Рассказ об одном путешествии | страница 25



К вечеру, перед ужином, когда спадала жара, мама и отчим шли играть в теннис. На корте играла английская пара: два джентльмена в белых фланелевых брюках. На их каменных лицах не было и тени каких-либо эмоций. Окончив игру, они пожимали друг другу руки. Алексей Николаевич преклонялся перед такой бесстрастной игрой. Но сам играл не по-английски. Он радовался, как ребенок, каждому удачному своему мячу; огорчался и сердился, когда проигрывал. Вечером, после ужина, мы гуляли по освещенной луной дороге.
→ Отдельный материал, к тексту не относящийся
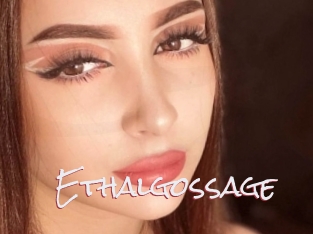 Ethalgossage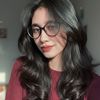 the1nonlyvina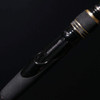 Megabass Shoraku SL 72H S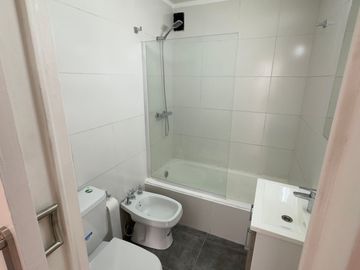 VENTA DEPARTAMENTO 2 AMBIENTES QUILMES CENTRO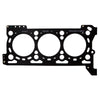 Fel-Pro 26741PT fits RAM 1500 26741 PT PermaTorque Engine Cylinder Head Gasket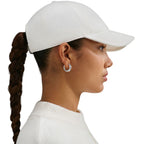 Nike Club Cap White FZ5698 133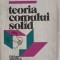 TEORIA CORPULUI SOLID-A.S. DAVIDOV-215858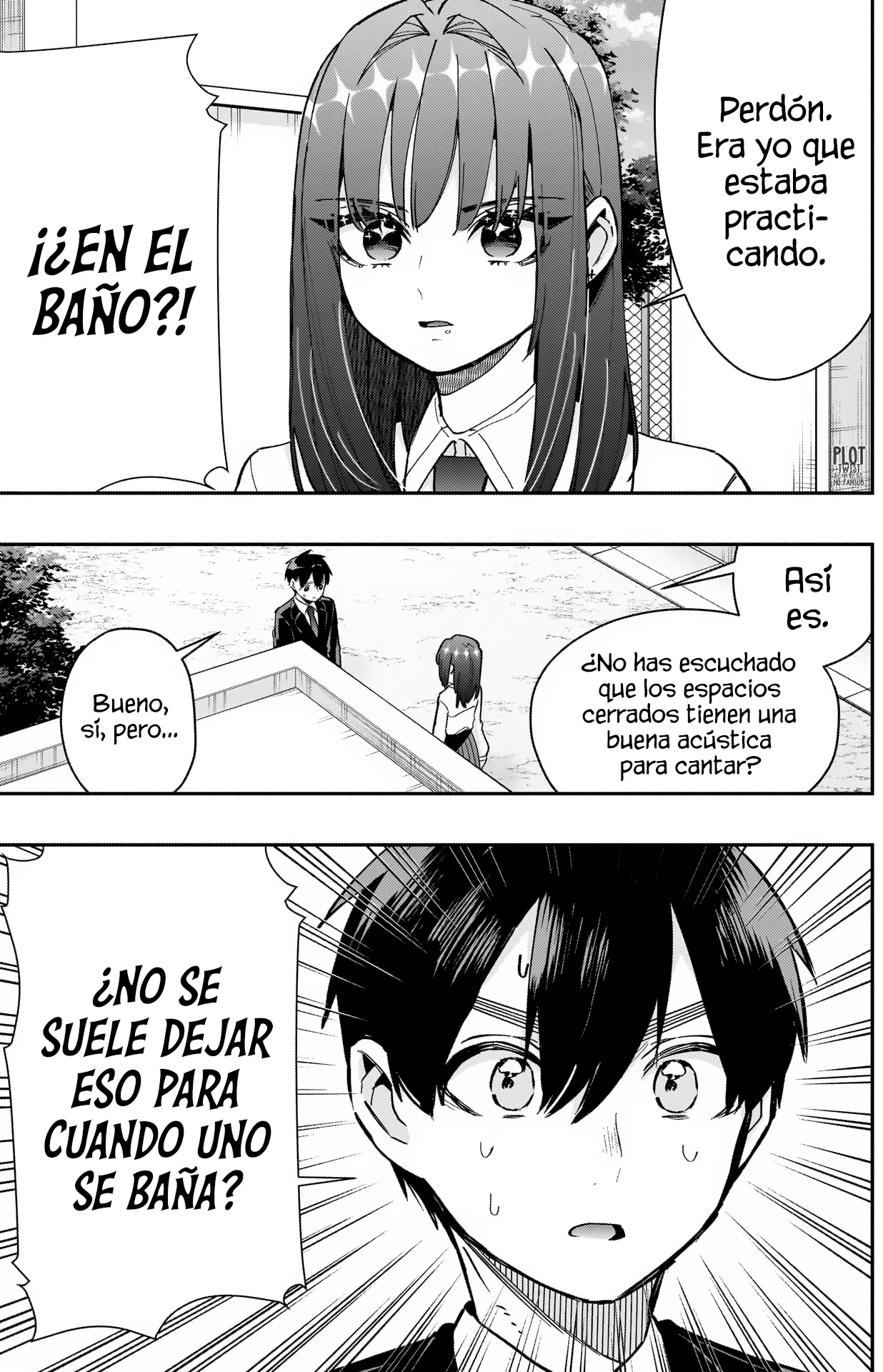 Página 7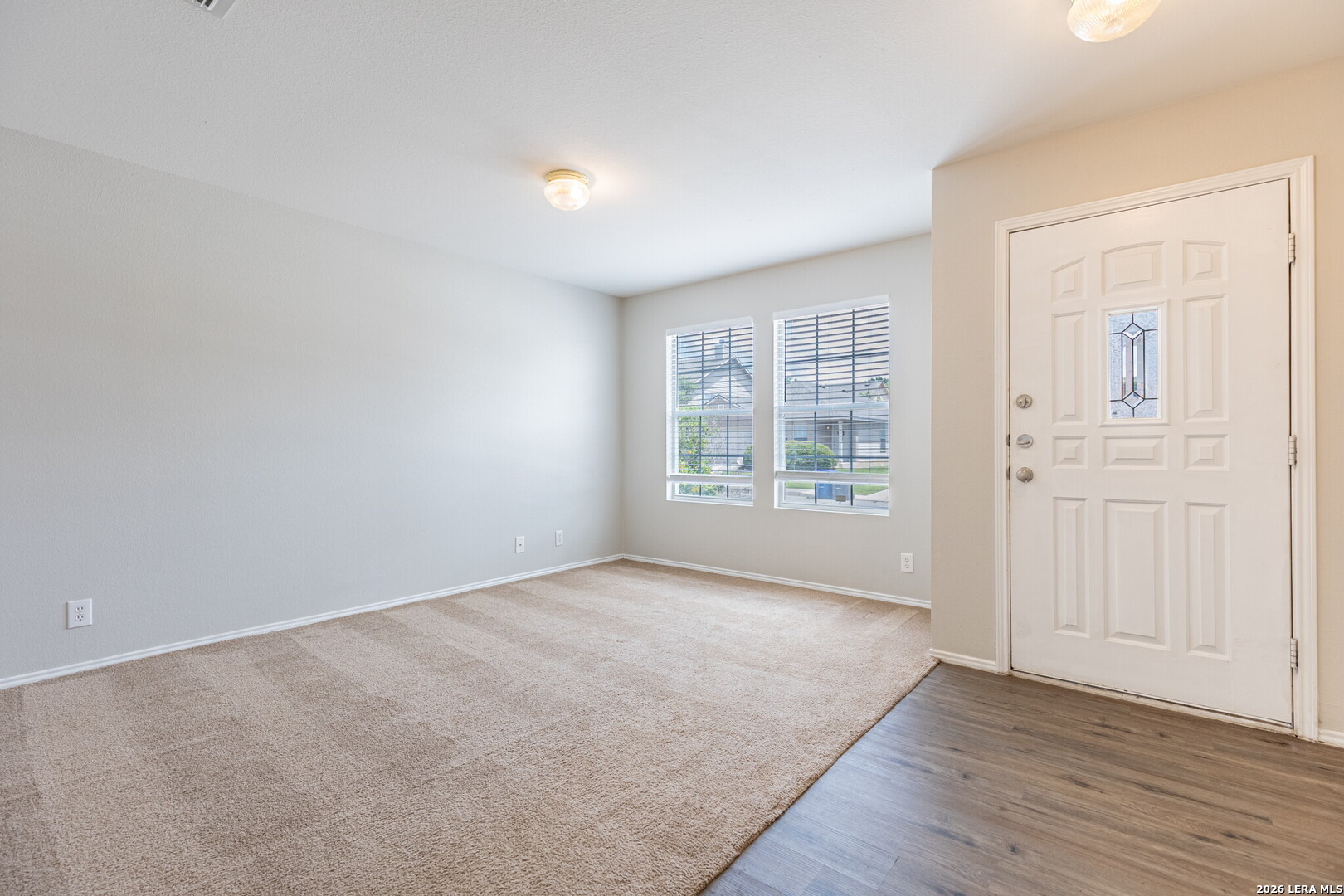 6347 Kingston San Antonio TX 78249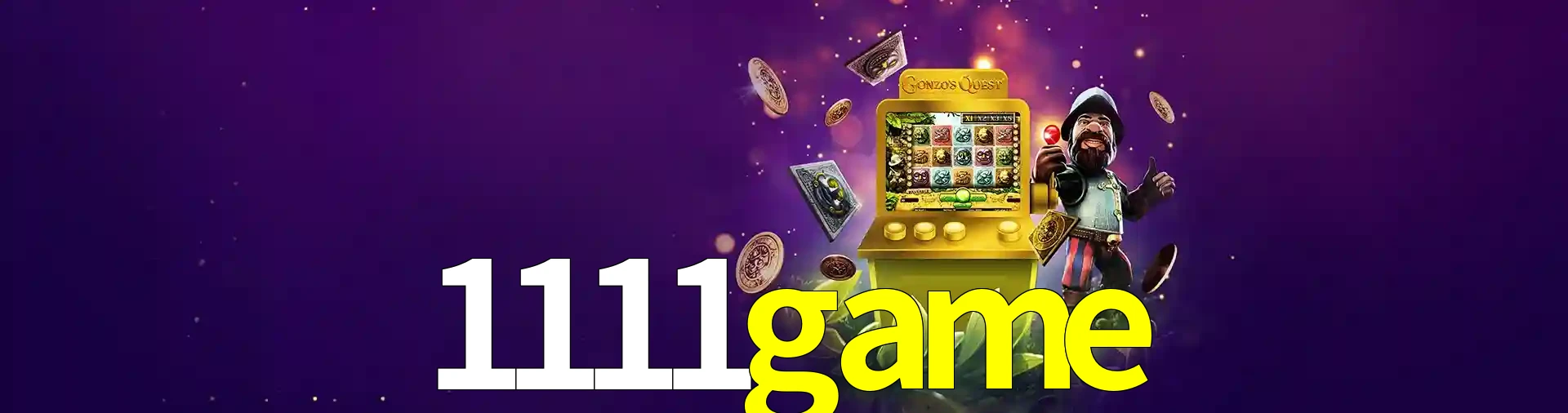 1111game Brasil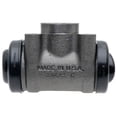 thumbnail image 4 of Element3™ Wheel Cylinders, 4 of 6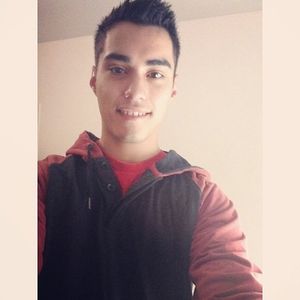 Profile Picture of Jordan Oconnell (@jordan.oconnell) on Myspace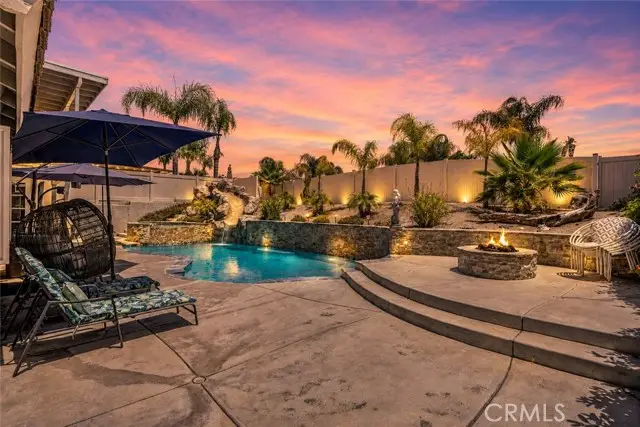 30050 Skippers Way, Quail Valley, CA 92587 - #2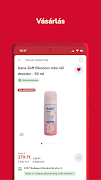 Rossmann screenshot 3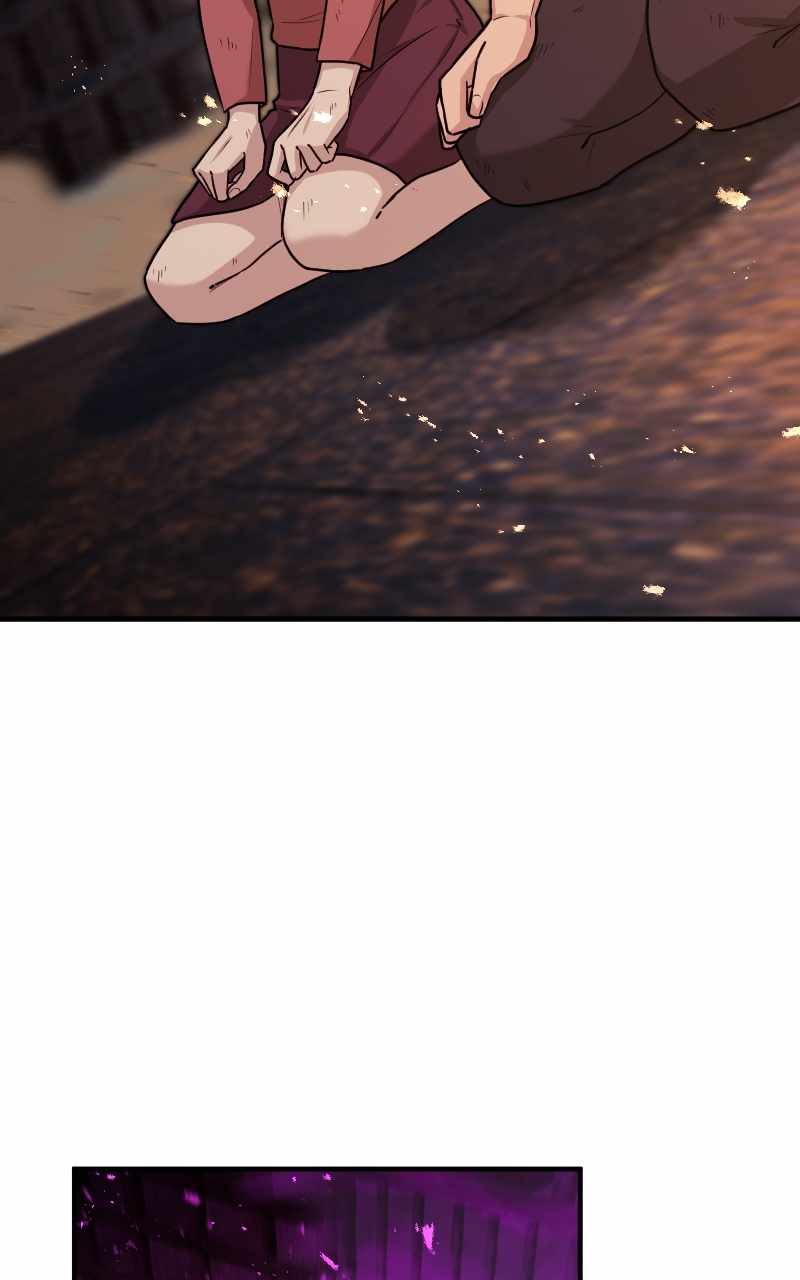 Paranoid Mage Chapter 18 page 51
Где-то рядом тяжело дышал океан. От земли, нагретой за день, исходило тепло.

В Сабль д'Олонн к нам приезжал из Парижа журналист и поэт Шполянский, писавший под псевдонимом Дон Аминадо. Замышлялось издание детского журнала «Зеленая палочка». Дон Аминадо и отчим были инициаторами этого дела. Журнал начал выходить в 1921 году.

Париж, зима 1920, 1921

Осенью мы вернулись в Париж, в нашу квартиру на улице Ренуар. К этому времени Париж был наводнен русскими эмигрантами. Всех их можно было разделить на несколько не смешивающихся друг с другом и иногда враждебных друг другу групп. Это была придворная титулованная аристократия, это были высокие военные чины, интеллигенция, политические деятели разных оттенков и, наконец, представители делового и торгового мира. Всех их можно было видеть по воскресеньям, или уж во всяком случае в страстную неделю, в русской церкви на улице Дарю. Они занимались разными делами. Очень многие превратились в шоферов парижских такси. Иные пооткрывали ресторанчики, в которых подавался русский «Bortch a la creme». Другие занимались изданием русских книг и журналов. Политические деятели, погрязшие в конспирациях, готовили какие-то мероприятия, которые, по их мнению, обязательно должны привести к падению большевистской власти в России.

В нашем доме, на два этажа ниже нас, поселился поэт Константин Бальмонт с женой Еленой и дочерью Миррой, которая была года на два старше меня. Иногда я заходил к Бальмонтам. Меня усаживали на стул, Бальмонт начинал ходить вперед и назад по диагонали комнаты с головой, немного наклоненной набок, со взъерошенными волосами, усыпанными перхотью. Он размахивал одной рукой и декламировал (лучше сказать — пел) свои стихи. Я не помню, о чем были эти стихи, но помню только, что в них много места занимали хризантемы. Бальмонт останавливался посредине комнаты и обращался ко мне:

— Ну как?

Я, совершенно растерянный, не знал, что сказать, не понимал, хорошо это или плохо и вообще к чему все это? Иногда в семье Бальмонтов бывали скандалы. Перепуганная Мирра со слезами на глазах прибегала к нам отсидеться, пока внизу все не стихнет.